En vérité, M. Gé avait craint pour ses hôtes le silence minéral qui régnait à une telle profondeur, derrière les murs de plomb, de béton et d’acier. Un faux mort enseveli qui se réveille doit encore entendre, sous six pieds de terre, une vague rumeur de la vie verticale. Mais l’Arche était à près d’un kilomètre de profondeur, et ses murs, aux endroits les plus fragiles, avaient quinze mètres d’épaisseur de matériaux superposés comme les peaux d’un oignon. Une telle coquille était imperméable même aux craquements des roches, à l’écroulement des cascades des ténèbres, et aux rugissements enchaînés, horribles, des feux enterrés.

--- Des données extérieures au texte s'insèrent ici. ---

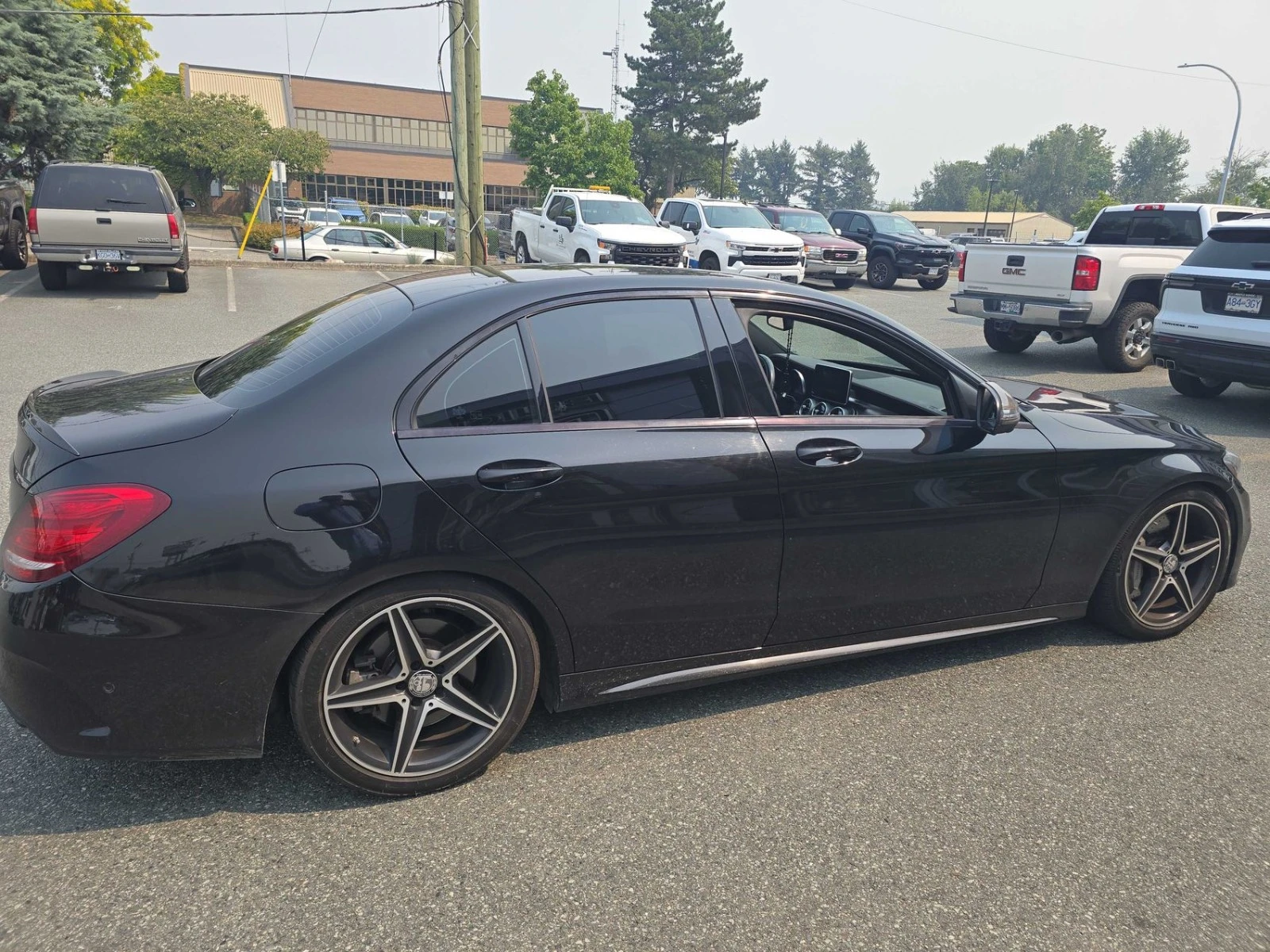Mercedes-Benz C 450 AMG 4MATIC FULL FULL Автокредит Цена до България, снимка 2 - Автомобили и джипове - 55574115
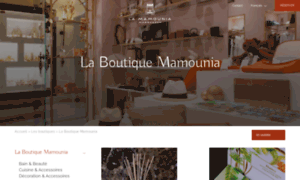 Boutique-mamounia.com thumbnail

Même chez des femmes rassemblées pouvait advenir un de ces moments où la conversation s’arrête, en plein essor, sans qu’on sache pourquoi, tout à coup, où chaque interlocuteur se trouve rejeté en lui-même et n’y trouve que le vide, cherche à dire n’importe quoi, ne trouve rien, pressent l’arrivée de l’horrible. Si à un tel silence intérieur s’était ajouté le silence absolu des choses, peut-être une de ces femmes, ou plusieurs, n’y auraient pas résisté, seraient devenues folles. C’est pourquoi M. Gé avait fait construire ces fausses fenêtres sur lesquelles des appareils permanents de cinéma total projetaient des films sans fin.

La plupart des femmes, d’ailleurs, n’en profitaient pas. Une fois retirées dans leur chambre, elles préféraient tirer les rideaux, allumer les lampes et faire jouer sur leur pick-up des chansons, ou lire les livres qui parlaient d’amour.